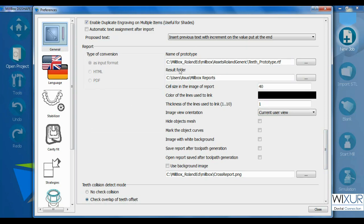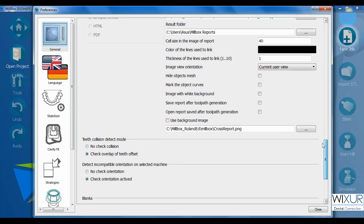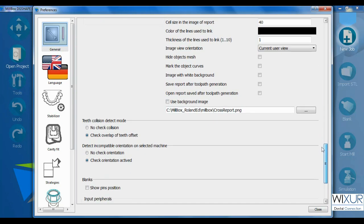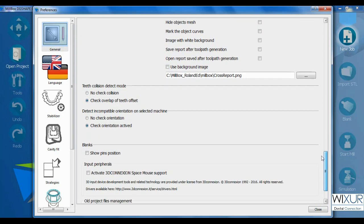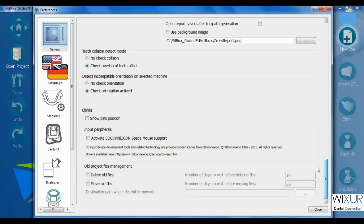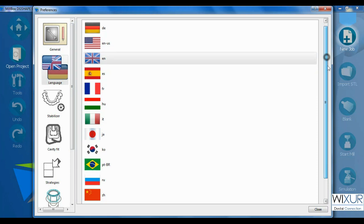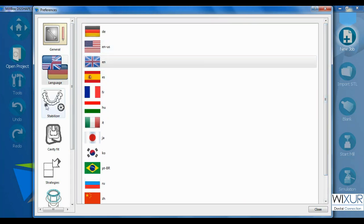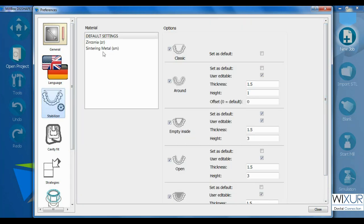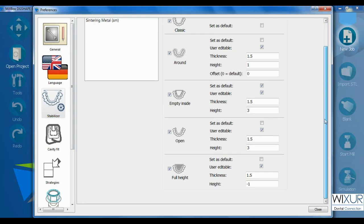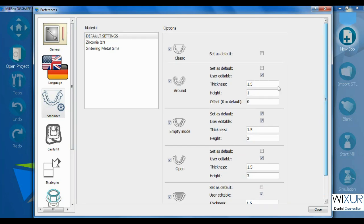That is now enough for the tab general. Next tab is language and you can change software language as desired. For the stabilizers, here it is possible to change some options like thickness and height.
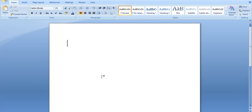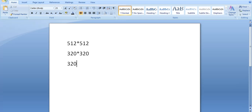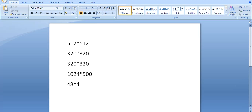The different image sizes we need are 512×512, 320×320, 320×320, 1024×500, 48×48, and 320×480. So we need these six images.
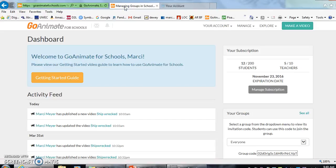Hello everyone. Today we're going to talk about GoAnimate for Schools, how to make a simple video and a more complex video.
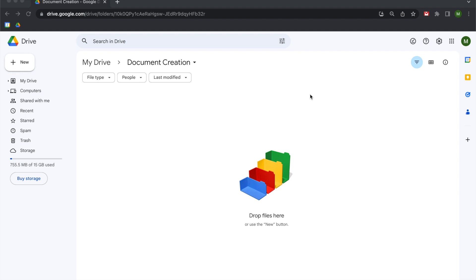Hey folks! In this video we're going to be discussing how to create and write Google Documents using Google Apps Script. This is a follow-up to my how to automate Google Documents using Google Sheets. This video is going to be focusing on the fundamentals of creating and writing Google Documents — how paragraphs work, how the document is structured, and then if we have time we're going to touch on how to add headers and page breaks.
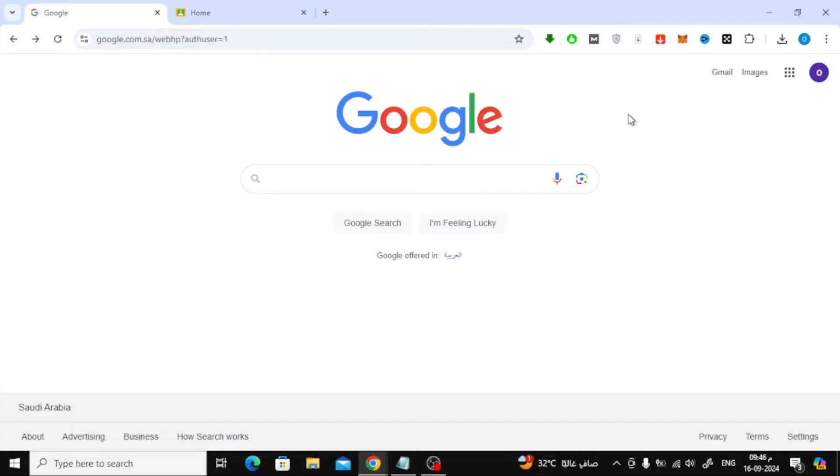The first thing you need to do is sign in to your Google account. Make sure you're logged into the same account your teacher used to send the invite.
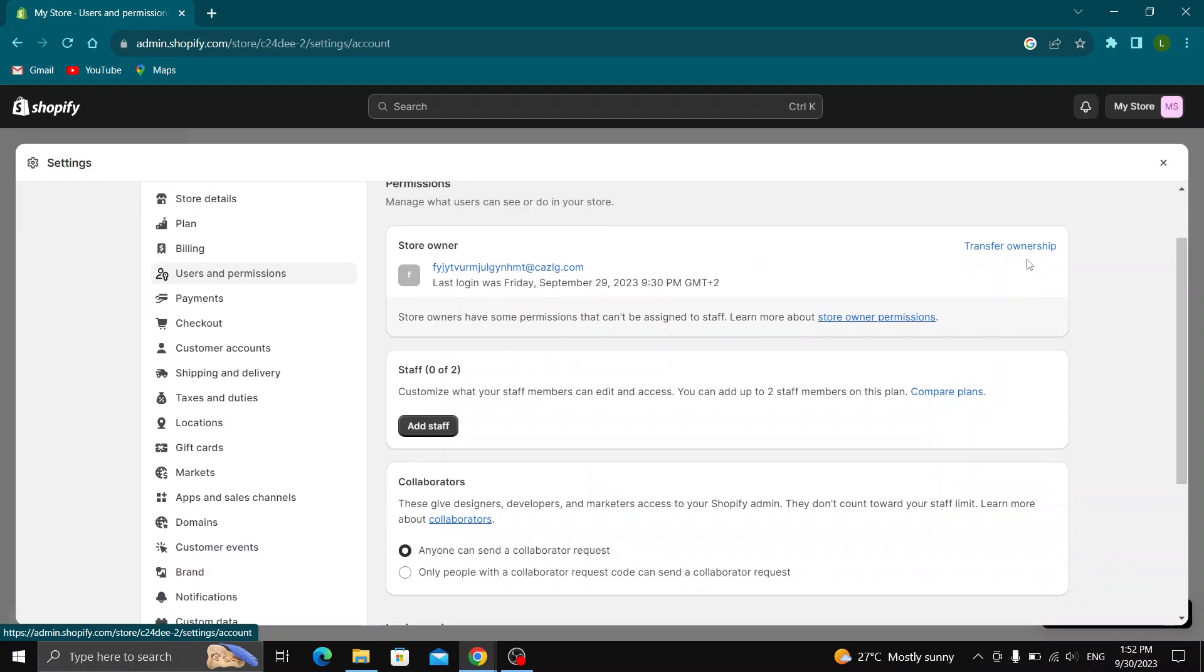As you can see you can either transfer ownership to somebody new or you can add staff. Click on the add staff button.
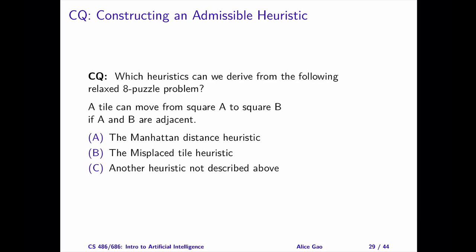The optimal solution to this relaxed problem gives us an admissible heuristic function for the 8-puzzle. The correct answer to this question is A, the Manhattan distance heuristic.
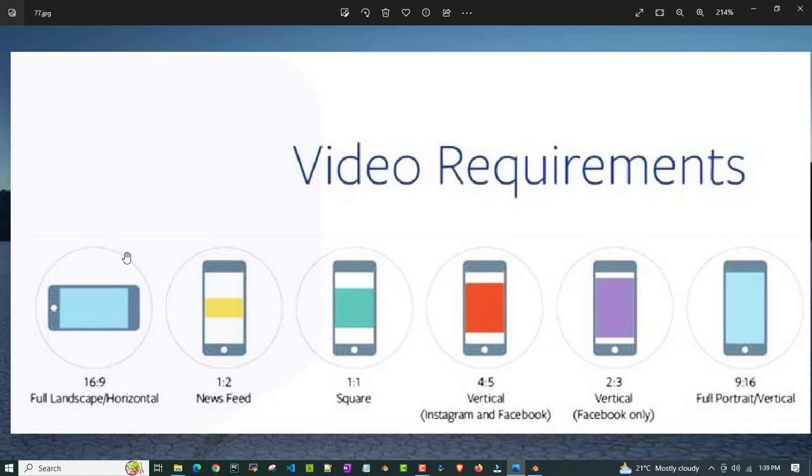They're not compatible with short platforms like YouTube, Instagram, TikTok. It will be shot in landscape, full landscape or horizontal. If you see, 16 by 9, by default it will be in that format.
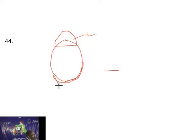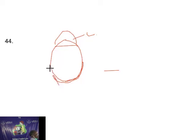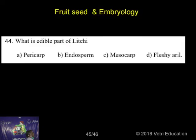A-R-I-L. Aril. So, in lychee fruit, the aril is the edible part. So, the edible part is the fleshy aril.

- Directions for this task:
Without the pictures, transcribe the lines from the one containing "As you can see" through the end of the data, exactly and only those.

- Task response:
As you can see you can either transfer ownership to somebody new or you can add staff. Click on the add staff button.
The optimal solution to this relaxed problem gives us an admissible heuristic function for the 8-puzzle. The correct answer to this question is A, the Manhattan distance heuristic.
They're not compatible with short platforms like YouTube, Instagram, TikTok. It will be shot in landscape, full landscape or horizontal. If you see, 16 by 9, by default it will be in that format.
A-R-I-L. Aril. So, in lychee fruit, the aril is the edible part. So, the edible part is the fleshy aril.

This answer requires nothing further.